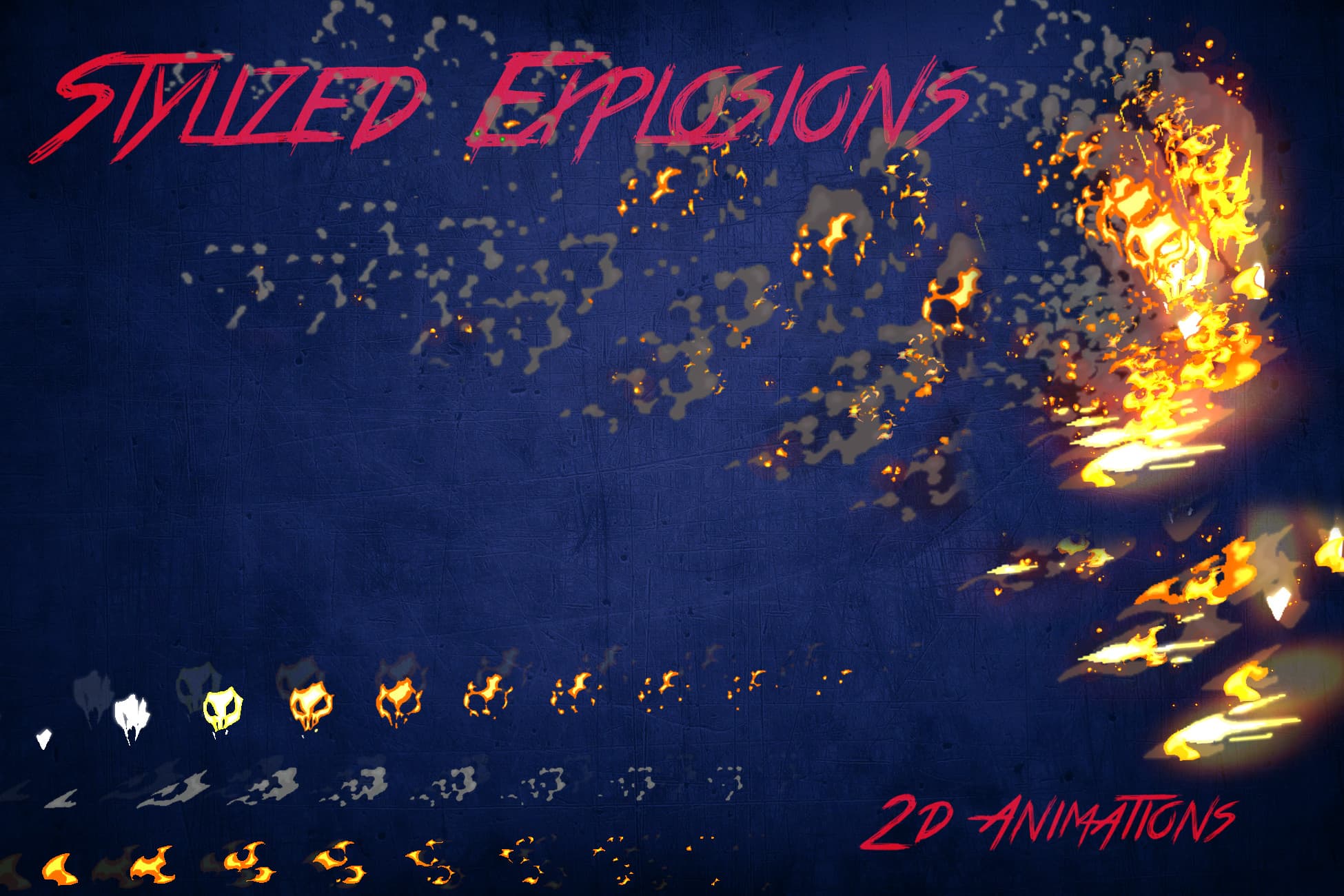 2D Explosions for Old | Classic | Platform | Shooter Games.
■ ■ ■ ■ ■
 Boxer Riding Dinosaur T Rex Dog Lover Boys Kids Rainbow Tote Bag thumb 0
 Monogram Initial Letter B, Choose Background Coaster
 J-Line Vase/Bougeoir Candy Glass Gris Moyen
■ ■ ■ ■ ■
**Instructions to follow**
Write out, from the lines above, only those from the line with "Boxer Riding Dinosaur" to the line with "J-Line Vase/Bougeoir Candy Glass Gris Moyen", exactly as given, including the first and the last.

**Written reply**
 Boxer Riding Dinosaur T Rex Dog Lover Boys Kids Rainbow Tote Bag thumb 0
 Monogram Initial Letter B, Choose Background Coaster
 J-Line Vase/Bougeoir Candy Glass Gris Moyen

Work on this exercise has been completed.